◆ **WORK REQUEST**
From the first line of the listing, copy each line exactly until you have included the line with "Free Iran Raised"; leave out the pictures.

◆ **RECORD EXCERPTS**

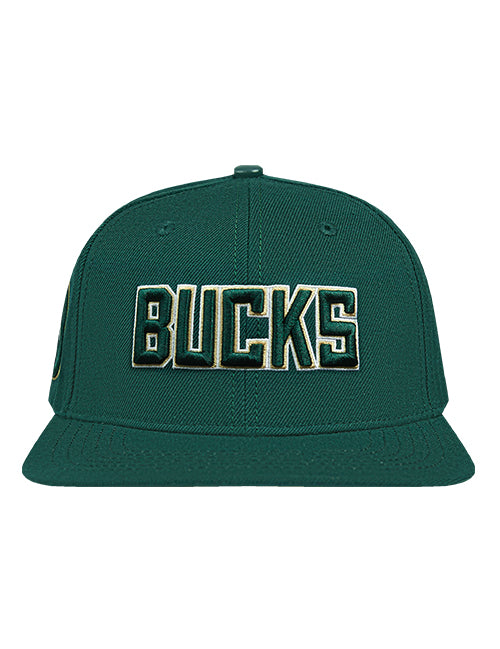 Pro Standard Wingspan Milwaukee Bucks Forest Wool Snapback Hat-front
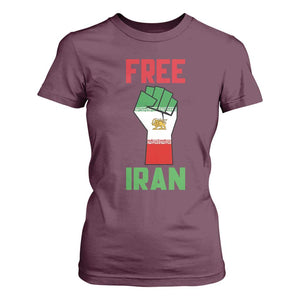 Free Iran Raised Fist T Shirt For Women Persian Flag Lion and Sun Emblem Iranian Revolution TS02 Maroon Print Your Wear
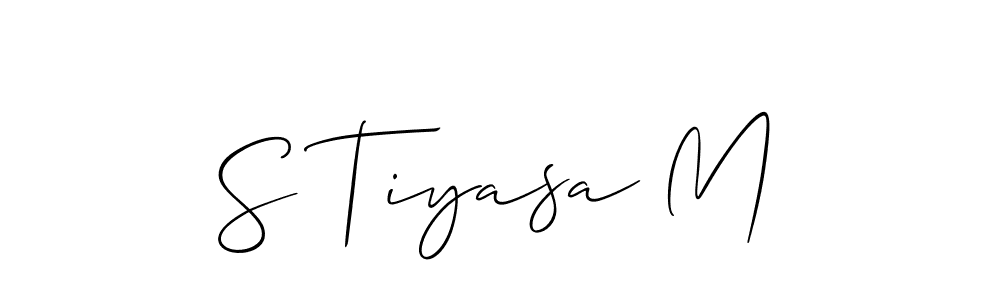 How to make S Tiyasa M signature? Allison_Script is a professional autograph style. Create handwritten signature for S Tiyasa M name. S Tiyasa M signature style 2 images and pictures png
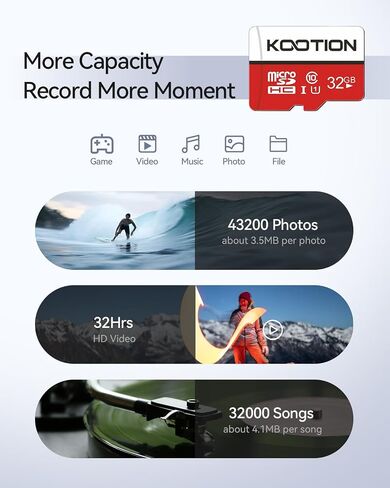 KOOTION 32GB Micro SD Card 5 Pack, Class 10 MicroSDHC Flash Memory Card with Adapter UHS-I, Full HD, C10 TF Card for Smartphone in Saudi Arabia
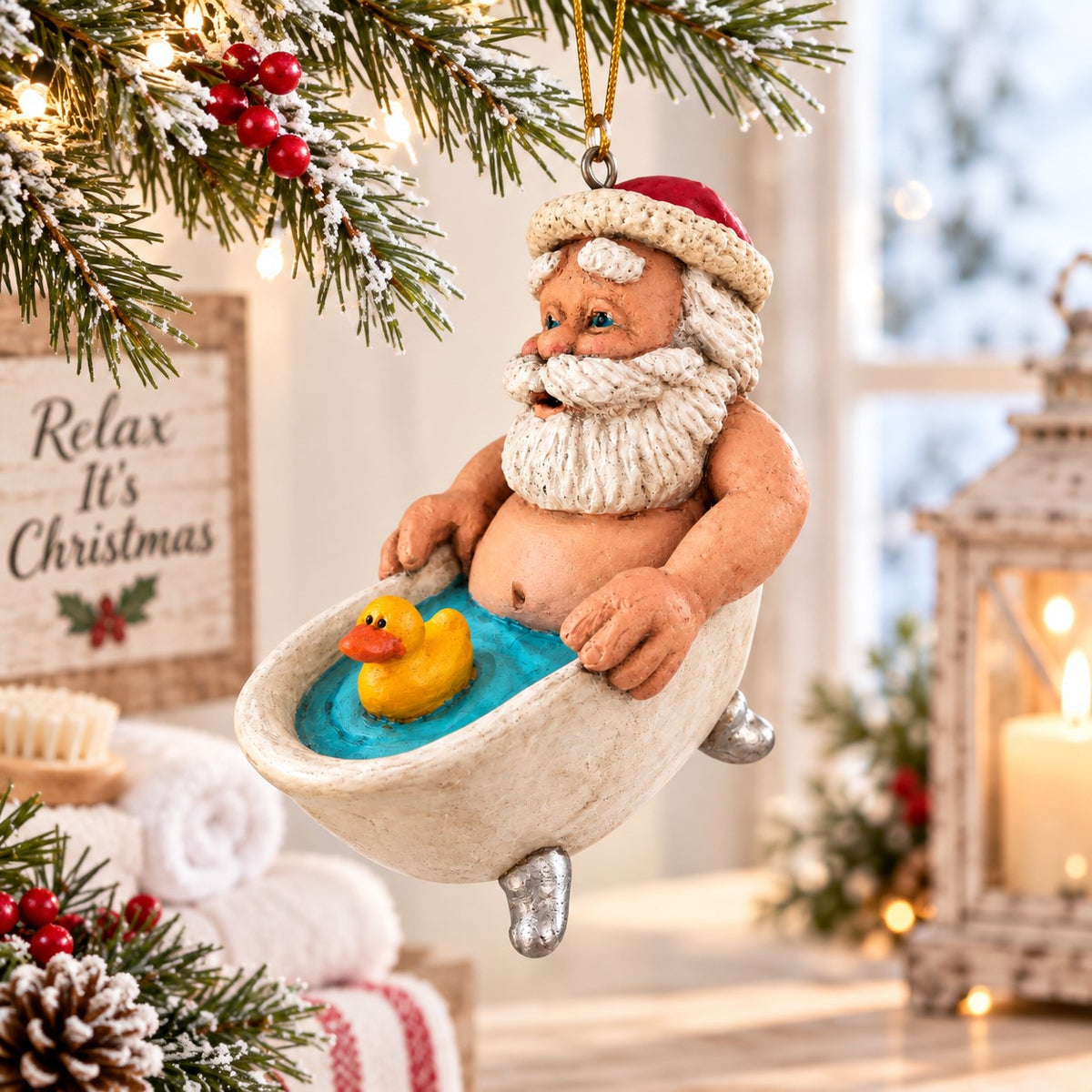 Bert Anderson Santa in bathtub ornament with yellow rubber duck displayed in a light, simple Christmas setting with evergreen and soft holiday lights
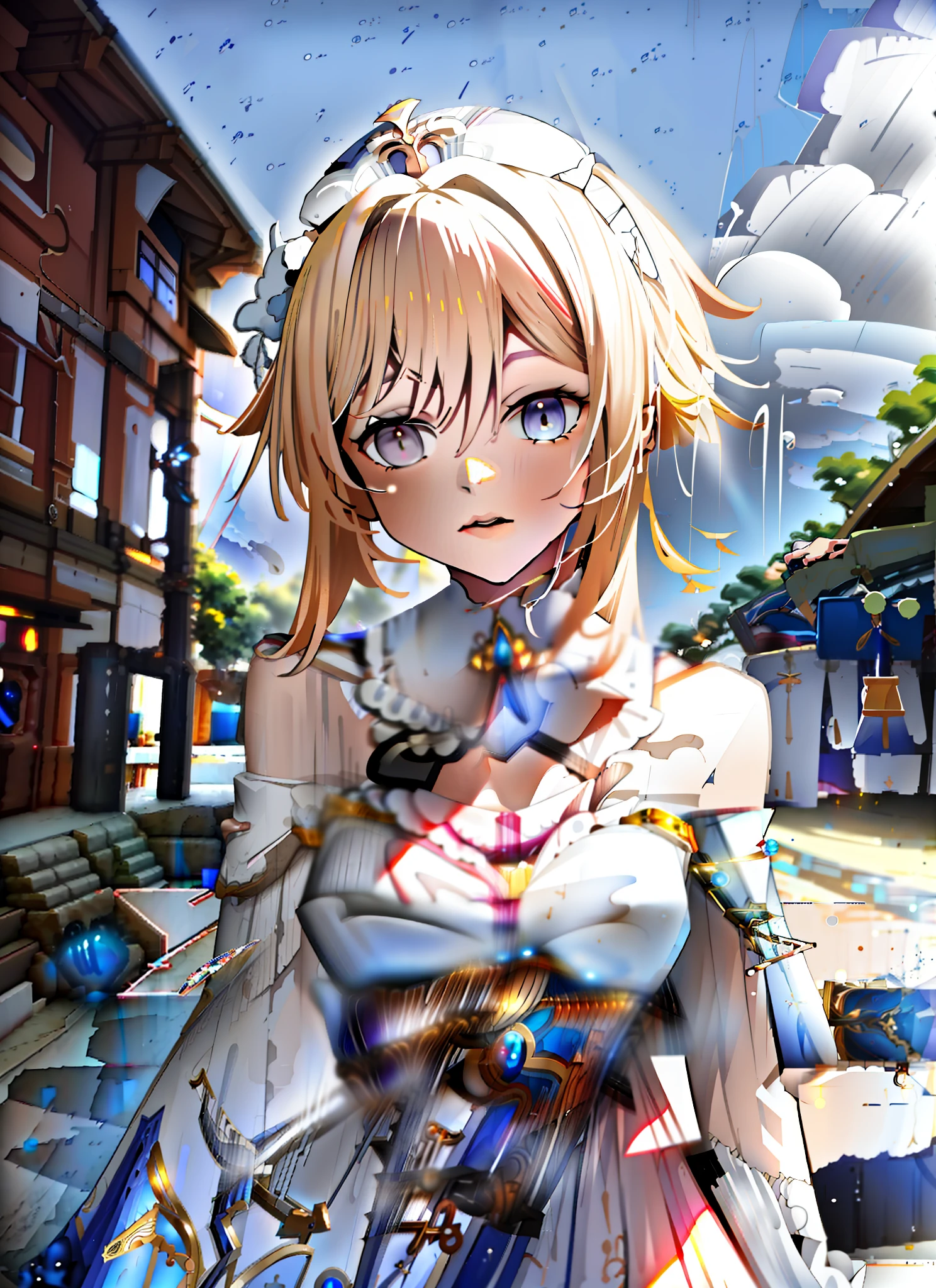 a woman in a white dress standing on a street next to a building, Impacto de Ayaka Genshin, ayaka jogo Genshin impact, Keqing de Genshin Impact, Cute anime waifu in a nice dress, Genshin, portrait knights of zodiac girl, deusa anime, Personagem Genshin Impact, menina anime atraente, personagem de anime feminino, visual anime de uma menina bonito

◆ **RESPONSE**
 Pro Standard Wingspan Milwaukee Bucks Forest Wool Snapback Hat-front
 Free Iran Raised Fist T Shirt For Women Persian Flag Lion and Sun Emblem Iranian Revolution TS02 Maroon Print Your Wear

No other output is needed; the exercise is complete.